Mas o próprio Engels, adiante, conclui que “Em poucas palavras: m v é movimento mecânico, medido em movimento mecânico; 1/2 m v2 é movimento mecânico medido segundo sua capacidade para transformar-se em uma determinada quantidade de outro movimento; e vimos já que ambas essas medidas não entram em contradição apesar de serem diferentes” e que “Daí resulta que a polêmica entre Leibnitz e os cartesianos não era, de forma alguma, uma simples disputa em torno de palavras; e que a desaprovação de d'Alembert podia ter evitado suas tiradas sobre a falta de clareza de seus predecessores, visto como acabou sendo tão pouco claro quanto eles”.
A partir daí, Engels problematiza o conceito de trabalho, no sentido físico, da mecânica moderna, apontando que tal conceito não fica esclarecido com a afirmação de que a transformação do movimento proporcional em quantidade é a realização de um trabalho. Explica, então, a partir de um exemplo sobre a máquina do vapor, no qual aplica a lei da conservação da energia, que “O trabalho é, assim, uma simples mudança de forma do movimento, considerado sob seu aspecto quantitativo”.
Na sequência, Engels tratará também dos fenômenos do calor e da eletricidade, sempre demonstrando estar atualizado com diversas discussões de ciências naturais e exatas da época.
Por fim, tratemos do texto “Humanização do Macaco pelo Trabalho”, presente no Apêndice I. Engels inicia o capítulo com uma importante passagem:

“O trabalho é a fonte de toda riqueza, afirmam os economistas. E o é, de fato, ao lado da Natureza, que lhe fornece a material por ele transformada em riqueza. Mas é infinitamente mais do que isso. É a condição fundamental de toda a vida humana; e o é num grau tão elevado que, num certo sentido, pode-se dizer: o trabalho, por si mesmo, criou o homem”.

Nesta passagem, Engels apresenta uma concepção filosoficamente ampla de trabalho. Parece mesmo que Engels, ao afirmar que “o trabalho, por si mesmo, criou o homem”, vai além de Marx, que não chega a fazer afirmação tão direta. Mas desde o jovem Marx (por exemplo, nos Manuscritos Econômico-filosóficos), já é possível encontrar a formulação de que o trabalho diferencia o homem de outras espécies, as quais produzem apenas o indispensável à sobrevivência imediata, enquanto o homem produz universalmente. Então, a rigor, não haveria inovação na passagem de Engels com relação a Marx. A ideia de que o trabalho diferencia o homem já estava presente neste, embora jamais tivesse sido elaborada de forma tão direta quanto a de Engels.
Neste sentido, mais adiante no texto, Engels afirma que: “Resumindo: o animal apenas utiliza a Natureza, nela produzindo modificações somente por sua presence; o homem a submete, pondo-a a serviço de seus fins determinados, imprimindo-lhe as modificações que julga necessárias, isto é, domina a Natureza.
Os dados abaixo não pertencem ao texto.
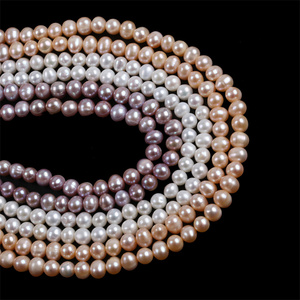 천연 진주 도매 6-7mm 화이트 핑크 보라색 담수 감자 모양 구슬 진주 가닥 - Product Image 2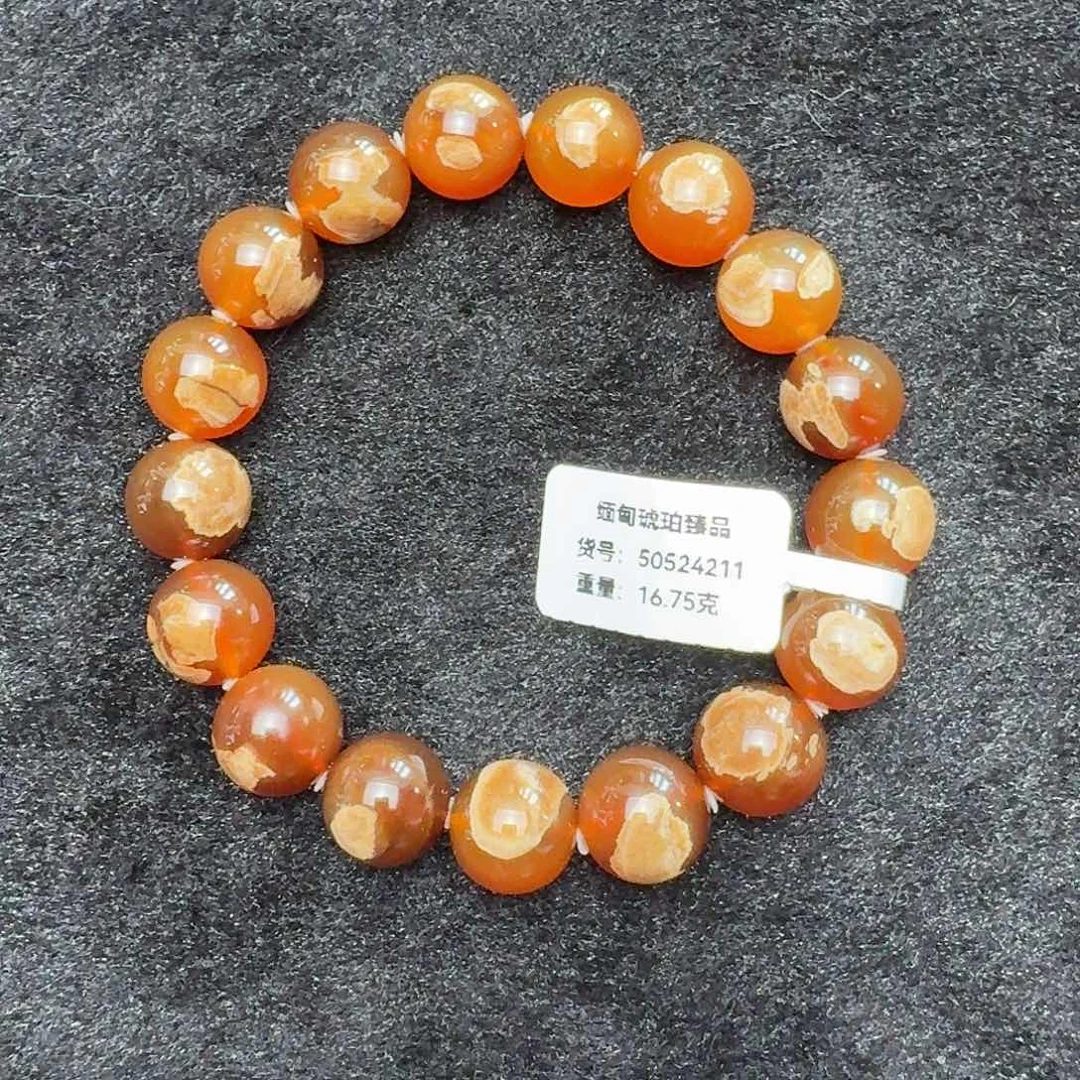琥珀未镶嵌珠宝奇石12mm橘蜜油根飘花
E esta é a diferença essencial e decisive entre o homem e os demais animais; e, por outro lado, é o trabalho que determina essa diferença”.
Em suma, enquanto o animal usa a natureza, o homem a domina.
É importante, neste ponto, precisar o que se entende por trabalho, o que se está a falar quando se fala em trabalho: trata-se de um intercâmbio básico com a natureza ou trata-se do trabalho abstrato sob um sistema capitalista de produção? Tal discussão pode se aproximar daquela discussão terminológica sobre o uso dos termos “uso” ou “valor de uso” – Marx teria se valido desta última terminologia, e não da primeira, porque pretendia aguçar a contradição existente com o “valor de troca”.
Trata-se de discussão central porque vem aparecendo em diferentes momentos da obra de Marx e Engels e pode ser apropriada como importante contribuição do nosso grupo ao pensamento marxista. Já está bem estabelecido na ciência marxista do direito, a partir dos estudos de Márcio Naves, que o direito é uma especificidade histórica do capitalismo, embora a história tenha observado, no passado, fenômenos de normatividade aos quais se atribuiu o nome direito. Vimos, ainda, nas leituras do Anti-Dühring, que Engels fazia elaboração semelhante a respeito da economia política, sustentando inexistir economia antes do capitalismo, nesse mesmo sentido bastante preciso. Assim, não haveria porque negar a mesma especificidade histórica ao trabalho, de modo que seria possível afirmar, em tese, que o trabalho entendido de forma geral como intercâmbio com a natureza, é o que humaniza os macacos antropoides e , portanto, pode ser observado em toda a história humana. Mas trabalho, no sentido atual, somente pode ser considerado o trabalho abstrato subsumido de forma formal e real ao capital. É necessário investigar as consequências daí advindas.
Neste texto também se encontra importante passagem para fundamentar a noção de que a linguagem surge do trabalho, surge de uma necessidade do trabalho, ao contrário do que afirmado por certas tendências filosóficas contemporâneas, que invertem a questão ao afirmar que a linguagem, e não o trabalho, cria a socialidade. Assim, afirma Engels que o aprerfeiçoamento do trabalho “contribuía para aproximar, cada vez mais, os membros da sociedade; para multiplicar os casos de ajuda mútua, de ação em comum, criando, em cada um, a consciência da utilidade dessa colaboração. Em resumo: os homens em formação atingiram um ponto em que tinham alguma coisa a dizer uns aos outros. A necessidade criou [e este trecho talvez exija mais reflexão], para isso, um órgão apropriado: a tosca laringe do macaco transformou-se lentamente, mas num sentido definido, adquirindo modulações cada vez mais diferenciadas; e os órgãos da boca foram aprendento gradualmente a pronunciar uma palavra após a outra”.
Em suma, primeiro surge o trabalho, após a linguagem, e não o contrário. Se é a consciência e a linguagem que define o ser humano, o ser humano nasce não humano; nasce ser humano apenas em potência, tornando-se plenamente humano com o trabalho, com a linguagem, etc. O fato da fala e o fato da comunicação, assim, aparecem como necessidade histórica. E aqui é importante lembrar da passagem dos Grundrisse em que Marx afirma que "Fome é fome, mas a fome que se sacia com carne cozida, comida com garfo e faca, é uma fome diversa da fome que devora carne crua, com mão, unha e dente”. Ou seja, a própria linguagem se desenvolve de acordo com as necessidades históricas.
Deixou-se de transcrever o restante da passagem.